In this book Professor Fish applies his innovative method, reader-response criticism, to almost the entirety of Western civilization, and finds therein a strange and unearthly recurring phenomenon, originating in Plato's Phaedrus and from there descending down the centuries at least as far as Jorge Luis Borges. Too ill-defined to be called a literary genre, or a philosophical doctrine, or the style of a given school, or anything else that scholars and critics have hitherto defined and described, this thing invariably behaves in the same way: with figures of rhetoric, and grammatical structures sound and unsound, and incidents of the plot, and logical non sequiturs, and metaphors both coherent and otherwise, and in short, with any feature of a literary work that a critic might care to mention, this thing, called the self-consuming artifact, fights itself, negates itself, cancels itself out, and, in Fish's phrase, becomes the vehicle of its own abandonment.When I first read this phrase I thought it meant that the reader throws the book away, but in fact, the reader undergoes the humiliation of realizing that his interpretive powers are unequal to their task, and then experiences something suspiciously like the Conviction of Sin that was the first step of salvation in old-fashioned Calvinism--basically a feeling of utter helplessness. After that, he experiences something even more suspiciously like Adoption, i.e., salvation itself. An SCA offers "the way of the good, the way of the inner light, the way of faith... the moment of its full emergence is marked by the transformation of the visible and segmented world into an emblem of its creator's indwelling presence"(p.3).Sometimes this moment of full emergence is overtly Christian. John Donne's Death's Duel, for that is an SCA, makes the death of Christ "the central fact of our existence to which we can give no response but acceptance"(pp.66-67). Fish knows what violence he does his readers with his shoulder-clasping our and we, making us all Christians whether we want to be or not, for he analyzes sentences by Milton that play exactly such tricks with pronouns ("we all agree,"p.272).

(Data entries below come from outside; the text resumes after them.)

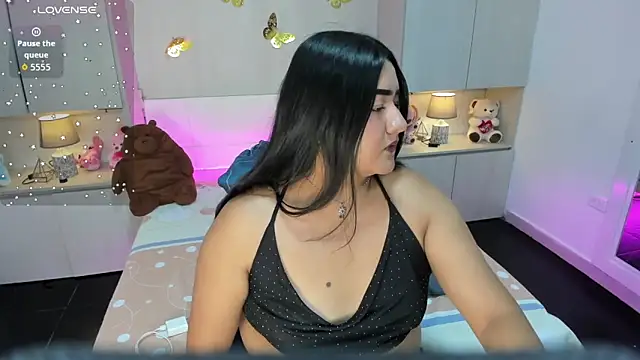 Snapshot of LilyWhitney chatting on February 18, 2026, 4:10 am LilyWhitney online show from February 18, 2026, 4:10 am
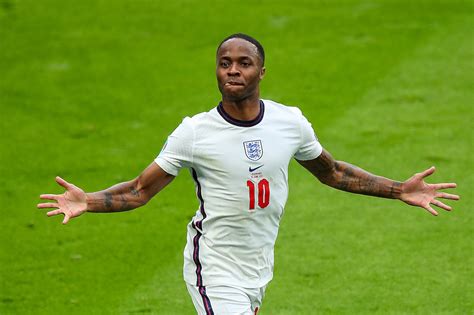 England National Team Scapegoat Raheem Sterling Makes English Fans Eat It at UEFA Euro 2020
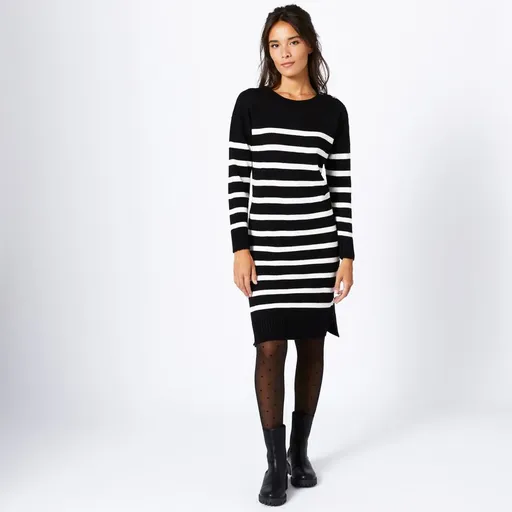 Pruhované pulóvrové šaty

After Plato wrote an SCA, he was followed by St Augustine, Donne, Lord Bacon (who published 70 of them as his Essays), Herbert, Bunyan, Robert Burton, Milton, Sir Thomas Browne, and possibly by Sterne, Byron, Beckett and Borges.


The solemn talk of the inner light and the way of faith which I have just quoted indicates the weakest feature of the whole flimsy scheme. It is hopelessly didactic. The formal properties of an SCA are ugly and ungainly. It causes pain rather than pleasure. Its content is incoherent and inane. The only reason why it should be read, and enshrined in this book of reverent criticism, is its precious gifts to the reader of humility and faith. That Stanley Fish should send us this message without a word of apology,yet at the same time should be so defensive about the Affective Fallacy, stoutly arguing that reader-response criticism is innocent of it, is bewildering. The same men who invented the name Affective Fallacy, and condemned the tendency it denominates, also named and condemned the Didactic Heresy. Yet Fish inundates me with didacticism, as if I had sought nothing else in Seventeenth-Century literature. His authors, he says, "have designs on us; they are out to do us good"(p.371).Let us remember Keats's words:" We hate a poem that has a palpable design upon us, and when we do not agree, seems to put its hand into its breeches pocket."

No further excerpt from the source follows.